Subject: Re: vm size wrongly reported
To: Robert Elz <kre@munnari.OZ.AU>
From: Andrew Brown <atatat@atatdot.net>
List: current-users
Date: 05/04/2003 22:44:50
>  | >if we add them all up yes but just using the size count from vm_map should
>  | >give the exact size of the virtual address space,
>  | 
>  | so...it does, but that number is considerably larger than a given
>  | process's impact on the vm system, since a lot of that space is
>  | shared.
>
>I suspect you're confusing VM and real memory.   I'm not sure which it
>is you're wanting to count, but what's above makes no sense.

i suspect i'm just using terminology which is confusing to you, but i
think i know what i mean.  when you say "vm", do you mean in terms of
the 32 bit address space that is emulated for each process, or the
total amount of physmem and swap that the kernel is managing?

>Take the simplest possible example.   A process forks (not vfork, not that
>it matters).   The fork call has not yet actually returned in either process
>(some higher priority process took away the CPU) but it has otherwise
>finished - neither process has had a chance to touch a page.   Each process
>has identical process images (share every page).
>
>The total VM consumed by those two processes is twice that consumed by
>one of them (twice as much as was consumed before the fork).   That all
>of the pages are shared is irrelevant.   To calculate VM allocations all
>that should ever be done is to add the VM of every process in the system.
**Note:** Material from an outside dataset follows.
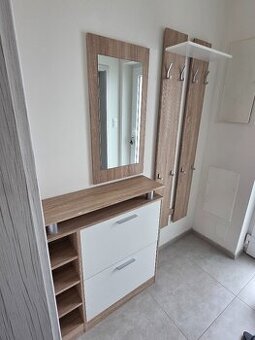 Nábytek do chodby, botník, věšák, zrcadlo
yes, they consume the same amount of virtual memory, each, from a
certain point of view, but the the cost of the second one is merely
the vm structures that the kernel allocates (at the instant right
after the fork, of course).  to say that the cost of each of them was
equal would be, imho, wrong.

if all you want is a simple metric to calculate vm allocations, you
would do as well to merely use the vm_map->size parameter, since that
counts the total size of a given process, except that number is
probably "wrong" for most applications.  when i want to know where my
ram went, i look at ps and look for something either either a large
vsz or rss.

what i'm trying to get at is that things like libc are shared whereas
libc's data segment is not, and stacks almost certainly aren't (except
in the fork case above, until one or the other of the processes writes
to the shared stack pages, in which case it gets cow'ed).  yet another
process mapping in libc doesn't cost all that much, whereas another
mapping of an equivalent size of something else can cost a lot more.
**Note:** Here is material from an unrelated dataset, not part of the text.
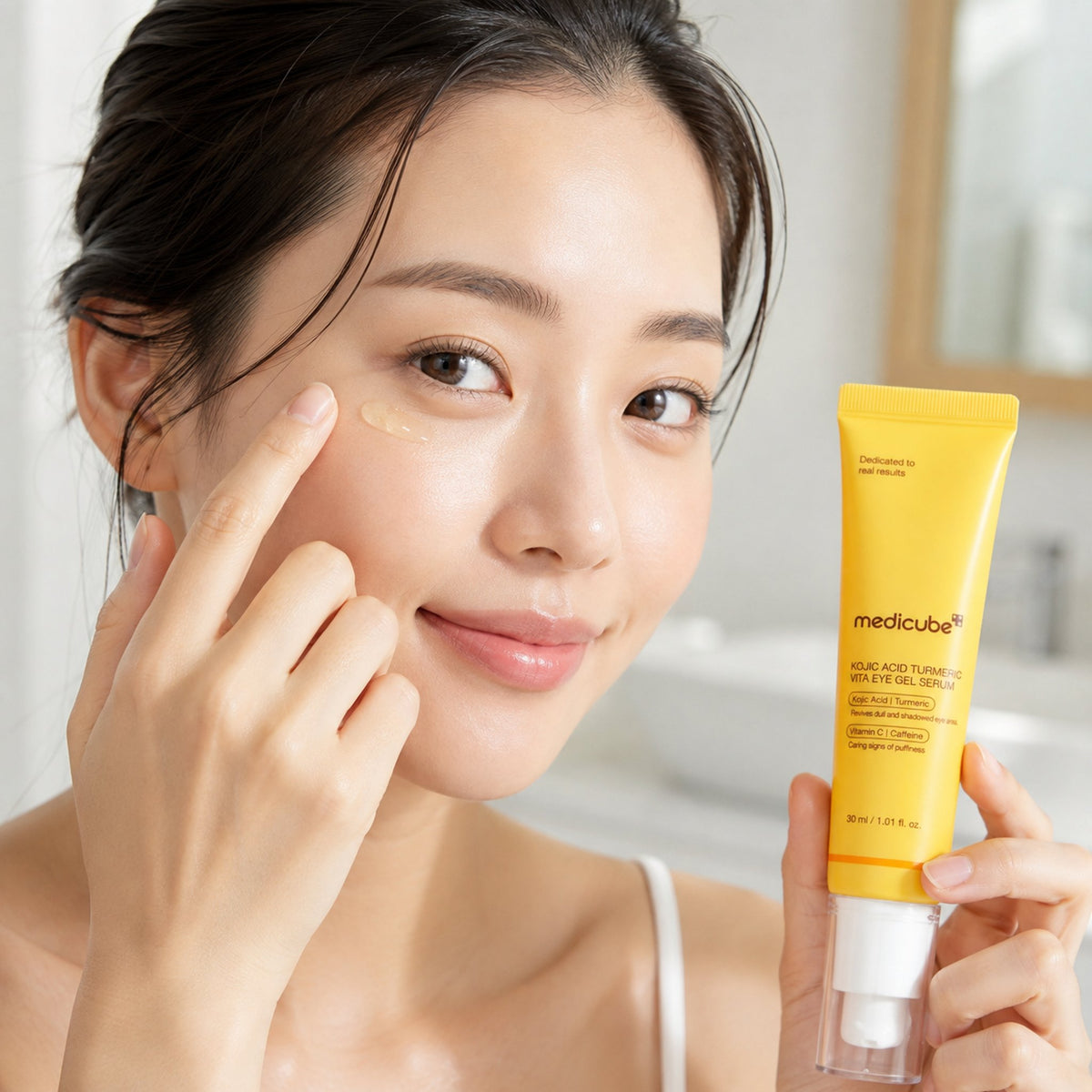 medicube Kojic Acid Turmeric Vita Eye Gel Sérum 30 ml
i can't say i know of a good metric for comparing things like this.
only that i can think of reasons why most of them could be considered
incorrect.

>On the other hand, the real mem consumed is much harder to attribute to
>processes, simply adding it will give vastly wrong numbers for the totals.

yes, very wrong.

>In the above example, one might allocate all of the real mem to one of the
>two processes, and 0 to the other, or one might attempt to allocate it
>"fairly" (attributing half of the allocated mem to each process) - calculating
>the total is easy, ignore the processes, and count the allocated pages.

...each way being wrong for some reason to someone else, of course.
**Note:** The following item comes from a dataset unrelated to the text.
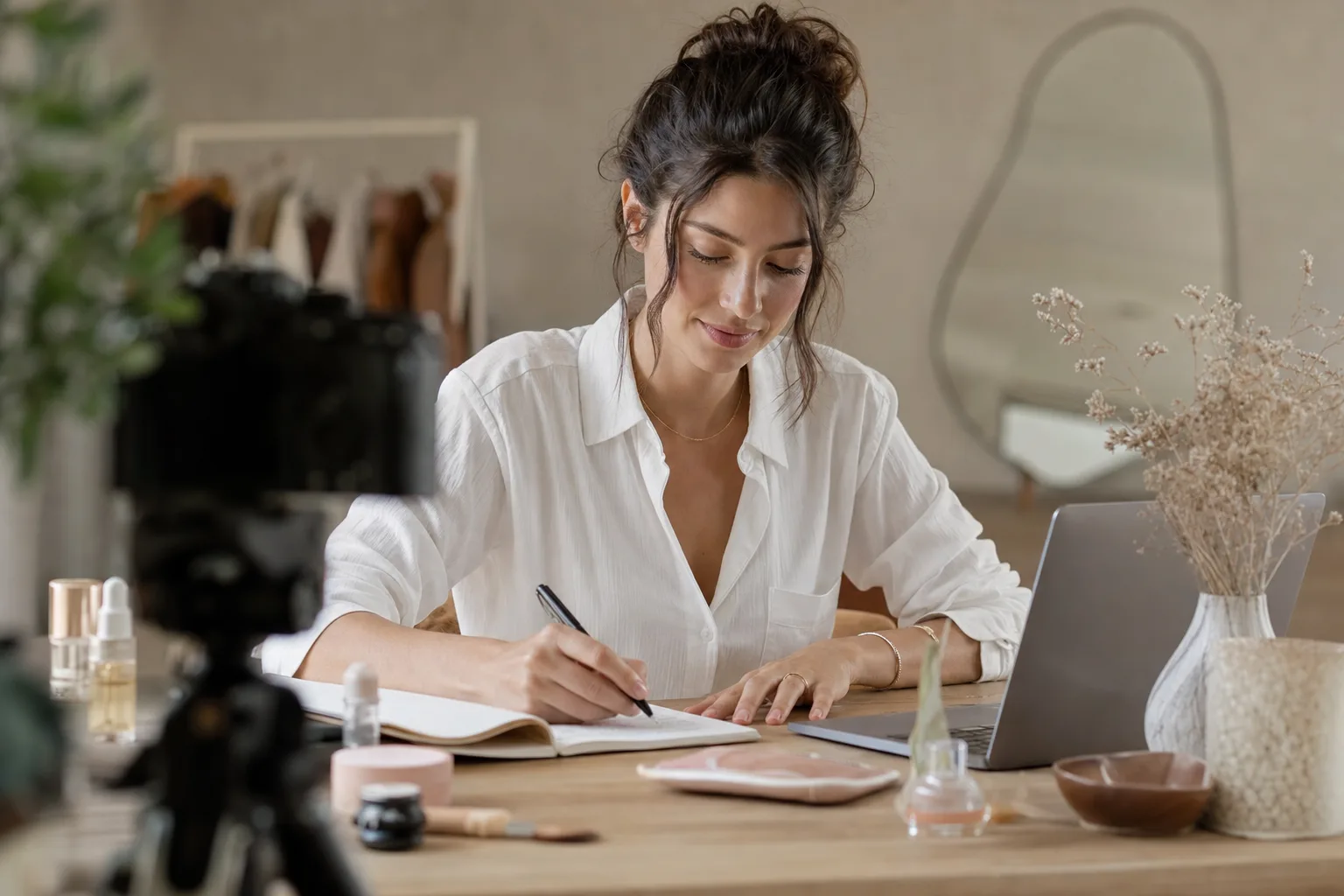 How to Write a UGC Content Brief for Brands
>Distributing the total amongst the users in some rational way is hard
>(because no two people will agree on what is rational, not because implementing
>an agreed method needs to necessarily be difficult).

your last bit about "rational" is what i was alluding to when i
mentioned different points of view.

-- 
|-----< "CODE WARRIOR" >-----|
codewarrior@daemon.org             * "ah!  i see you have the internet
twofsonet@graffiti.com (Andrew Brown)                that goes *ping*!"
werdna@squooshy.com       * "information is power -- share the wealth."